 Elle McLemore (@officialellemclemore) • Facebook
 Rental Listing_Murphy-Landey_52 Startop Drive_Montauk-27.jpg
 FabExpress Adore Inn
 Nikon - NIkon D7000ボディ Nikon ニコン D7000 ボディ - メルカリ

---

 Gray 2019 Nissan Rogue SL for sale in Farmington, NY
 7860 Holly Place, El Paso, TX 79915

* [Exercise]: The reply should hold only the lines of the listing above starting at the line containing "Elle McLemore (@officialellemclemore)" and ending at the line containing "Nikon - NIkon", exactly as written.

* [Response to this exercise]:
 Elle McLemore (@officialellemclemore) • Facebook
 Rental Listing_Murphy-Landey_52 Startop Drive_Montauk-27.jpg
 FabExpress Adore Inn
 Nikon - NIkon D7000ボディ Nikon ニコン D7000 ボディ - メルカリ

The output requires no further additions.